[Source data]
-- Opening Marker --

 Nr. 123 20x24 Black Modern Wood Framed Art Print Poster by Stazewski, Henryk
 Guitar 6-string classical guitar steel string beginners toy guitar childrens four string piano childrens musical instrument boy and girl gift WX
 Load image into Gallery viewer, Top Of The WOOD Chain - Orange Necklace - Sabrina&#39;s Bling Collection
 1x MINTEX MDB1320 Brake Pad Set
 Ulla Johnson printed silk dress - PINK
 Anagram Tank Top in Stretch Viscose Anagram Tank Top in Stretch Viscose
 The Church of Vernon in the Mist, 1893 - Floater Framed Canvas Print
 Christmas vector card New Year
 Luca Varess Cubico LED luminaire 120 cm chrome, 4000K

-- Closing Marker --
-- Opening Marker --

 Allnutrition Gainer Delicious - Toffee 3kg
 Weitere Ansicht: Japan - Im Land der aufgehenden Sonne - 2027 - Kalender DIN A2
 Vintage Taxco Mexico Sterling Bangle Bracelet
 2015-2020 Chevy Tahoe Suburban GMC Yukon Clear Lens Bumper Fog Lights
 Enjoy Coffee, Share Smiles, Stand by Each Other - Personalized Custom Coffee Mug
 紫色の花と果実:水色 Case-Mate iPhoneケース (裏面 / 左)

-- Closing Marker --

[Requirement]: Looking at the records above, return exactly the lines from the line with "Nr. 123 20x24" to the line with "Luca Varess Cubico", both ends included.

[Answer]:
 Nr. 123 20x24 Black Modern Wood Framed Art Print Poster by Stazewski, Henryk
 Guitar 6-string classical guitar steel string beginners toy guitar childrens four string piano childrens musical instrument boy and girl gift WX
 Load image into Gallery viewer, Top Of The WOOD Chain - Orange Necklace - Sabrina&#39;s Bling Collection
 1x MINTEX MDB1320 Brake Pad Set
 Ulla Johnson printed silk dress - PINK
 Anagram Tank Top in Stretch Viscose Anagram Tank Top in Stretch Viscose
 The Church of Vernon in the Mist, 1893 - Floater Framed Canvas Print
 Christmas vector card New Year
 Luca Varess Cubico LED luminaire 120 cm chrome, 4000K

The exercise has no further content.